What is Factor VIII (8)?
Factor 8 (VIII) is a specialized protein called a coagulation, or clotting, factor. People who have a deficiency or defect in factor VIII experience excessive bleeding because their blood does not clot properly, a medical condition called hemophilia A. (Hemophilia B, which is even rarer, is caused by a deficiency or defect in another clotting factor called factor IX.)
Hemophilia A and Factor 8
Hemophilia A is a rare inherited bleeding disorder that typically affects males more than females. According to the National Hemophilia Foundation, roughly one in five thousand males are born with the disorder. An estimated twenty thousand people in the United States are currently living with hemophilia A.
Hemophilia A: Inherited or Developed
While most people with hemophilia A are born with the disorder, roughly one third of all cases are caused by spontaneous genetic changes. Females with hemophilia A are usually carriers, meaning that they can pass down the specific mutation to their children, but do not usually have the disorder themselves.

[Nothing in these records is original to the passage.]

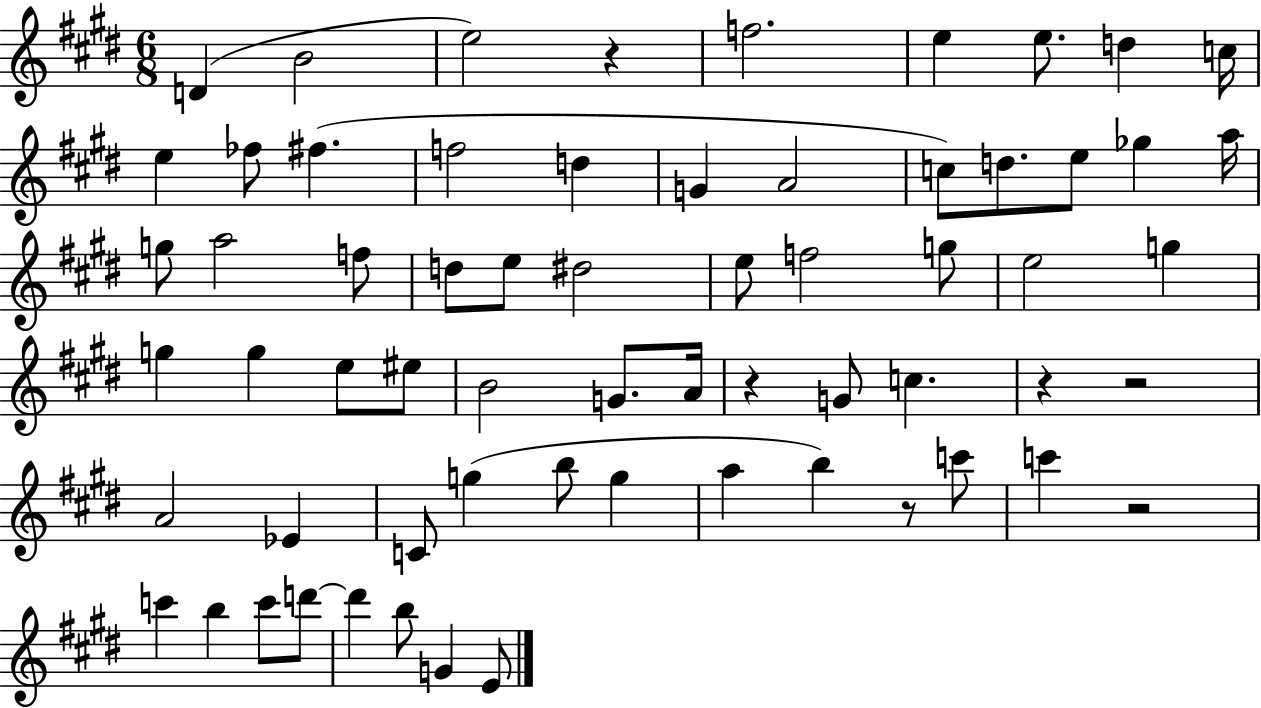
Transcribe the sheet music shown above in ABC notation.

X:1
T:Untitled
M:6/8
L:1/4
K:E
D B2 e2 z f2 e e/2 d c/4 e _f/2 ^f f2 d G A2 c/2 d/2 e/2 _g a/4 g/2 a2 f/2 d/2 e/2 ^d2 e/2 f2 g/2 e2 g g g e/2 ^e/2 B2 G/2 A/4 z G/2 c z z2 A2 _E C/2 g b/2 g a b z/2 c'/2 c' z2 c' b c'/2 d'/2 d' b/2 G E/2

Roughly 20% of carriers however, do have lower levels of factor VIII than normal. This can cause symptoms akin to those of mild hemophilia. In female carriers, symptoms can include vaginal mucosal bleeding, easy bruising and soft tissue bleeds. If factor VIII is low, there is also an increased risk of excessive bleeding following trauma or during surgery.
100% is the Standard Clotting Factor VIII Level
Healthy people who do not have a bleeding disorder usually have 100% of the factors they need to clot normally. (Technically speaking, someone can have between 50-200% of a given clotting factor and still be considered to be within normal ranges per the Hemophilia, von Willebrand Disease & Platelet Disorders Handbook.)
When someone does not have enough, or has a defect in a given clotting factor, their body cannot correct it on its own by manufacturing more.
Mild, Moderate, and Severe Hemophilia A Factor 8 Levels
According to the National Hemophilia Foundation:
• Mild hemophilia is associated with 6% to 50% factor VIII levels.
• Moderate hemophilia is associated with 1% to 5% factor VIII levels.
• Severe hemophilia is associated with less than 1% factor VIII levels.
Severe hemophilia A
People with severe hemophilia typically experience frequent bleeding events, including bleeding into soft tissues such as muscles, or joints, as often as one to twice per week or more, with or without, an obvious cause or injury. People with severe hemophilia can also develop significant joint damage due to frequent bleeds involving joints. While damage tends to accumulate over time, it can be somewhat mitigated by aggressive treatment.
Bleeding Episodes for Severe, Moderate, and Mild Hemophilia
Those with moderate hemophilia typically experience bleeding episodes with even minor injuries. They may experience a bleeding event as often as once a month or more. They may also experience joint problems due to hemarthrosis (bleeding into joint spaces). Mild hemophilia, on the other hand, rarely causes obvious bleeding into joint spaces.
Bleeding episodes are usually related to obvious trauma, surgery, dental work, or injections (shots). Someone can have mild hemophilia and never experience a serious bleeding issue.
Clotting Factor 8 and the Clotting Cascade
When there is damage to a blood vessel the body protects itself from excessive blood loss by triggering a complex response called a clotting cascade. The clotting cascade seals off the blood vessel, first with a soft clot, then a much stronger one called a fibrin clot, which is later reabsorbed by the body when the tissues have been repaired.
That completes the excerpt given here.